French-German academic search engine project

Quaero (Latin for I seek) was a European initiative designed to compete with the Google search engine. It was announced in 2005 by Jacques Chirac and Gerhard Schröder, the political leaders of France and of Germany. As a research and development program, it had the goal of developing multimedia and multilingual indexing and management tools for professional and general public applications (such as search engines). The European Commission approved the aid granted by France on 11 March 2008.

This program was supported by the OSEO. It was a French project with the participation of several German partners. The consortium was led by Thomson SA. Other companies involved in the consortium were France Télécom, Exalead, Bertin Technologies, Jouve, Grass Valley GmbH, Vecsys, Vocapia Research, LTU Technologies, and Synapse Développement. Many public research institutes were also involved, including National Institute for Research in Computer Science and Control, Laboratoire d'informatique pour la mécanique et les sciences de l'ingénieur, IRCAM, RWTH Aachen, University of Karlsruhe, Institut de recherche en informatique de Toulouse, Clips Imag, Groupe des Écoles des Télécommunications, Institut National de la Recherche Agronomique; as well as other public organisations such as Institut national de l'audiovisuel, Bibliothèque nationale de France, Laboratoire d'Informatique de Paris-Nord (LIPN, Sorbonne Paris North University) and Direction Générale de l'Armement.

According to the AII press release, the main targeted applications could be divided into three broad classes: multimedia indexing and search tools for professional and general public use, including mobile environments; professional solutions for production, post-production, management and distribution of multimedia documents; and facilitation of access to cultural heritage such as audiovisual archives and digital libraries.

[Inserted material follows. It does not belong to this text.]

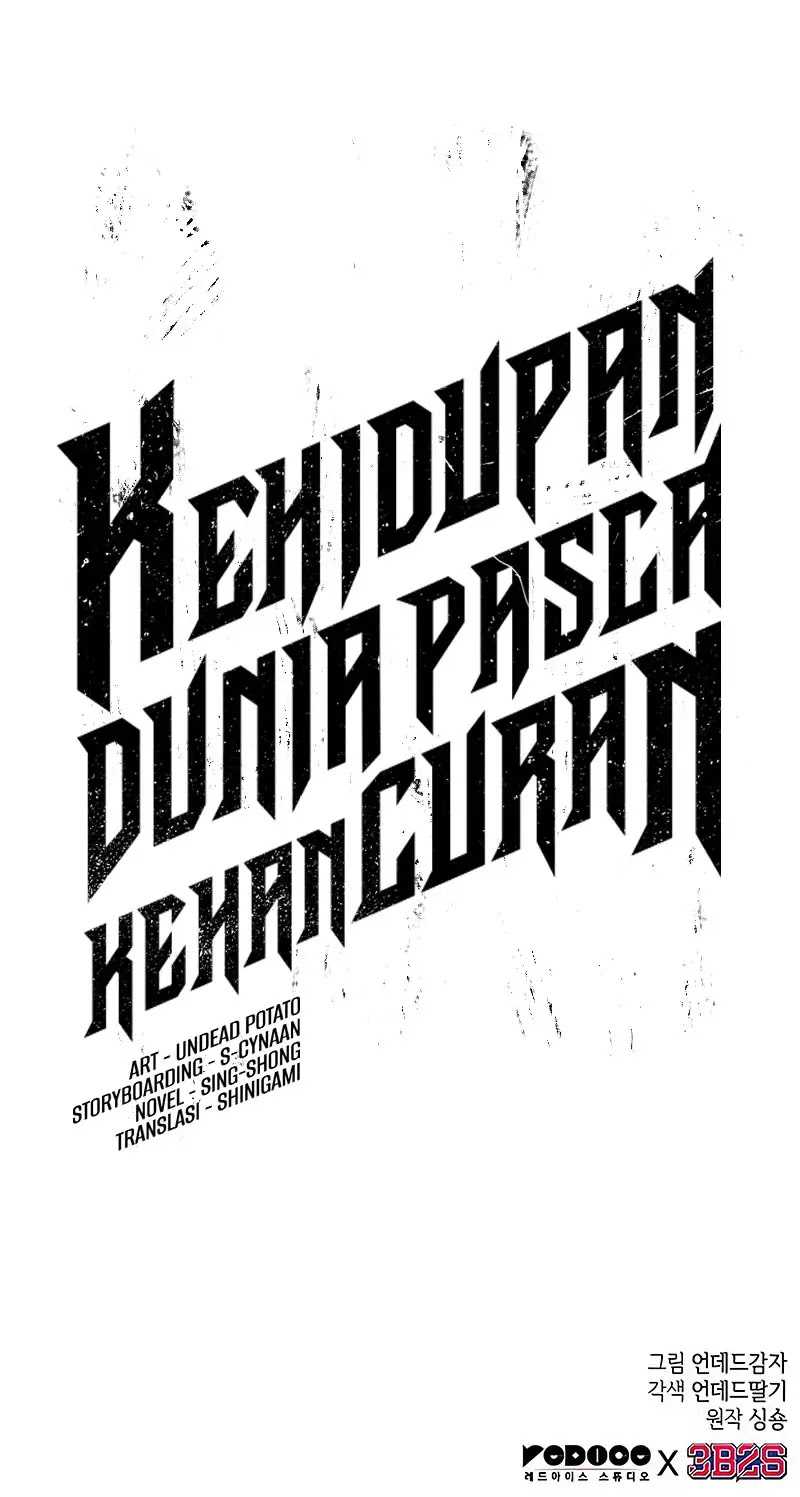 Halaman 149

==Announcements and history==
Quaero was announced by Jacques Chirac and Gerhard Schröder during the French-German ministerial conference in April 2005. It was put forward again by Jacques Chirac in August 2005 at the inauguration of the new agency created to fund such programs, the Agence de l'innovation industrielle (AII), and in January 2006 in his New Year addresses, which received much attention from the public. Quaero was part of the first programs selected by the AII in April 2006. In December 2006, the new German government announced that it would devote its share of the funding to a slightly modified program geared toward knowledge management and semantic web, under the name of Theseus Program. Quaero received the approval of the European Commission in March 2008. €99m from the French government would go towards development of the program.

==The search engine==
Quaero was often described as a European competitor to Google as well as to other commercial search engines such as Yahoo, Microsoft's Bing and Ask.com.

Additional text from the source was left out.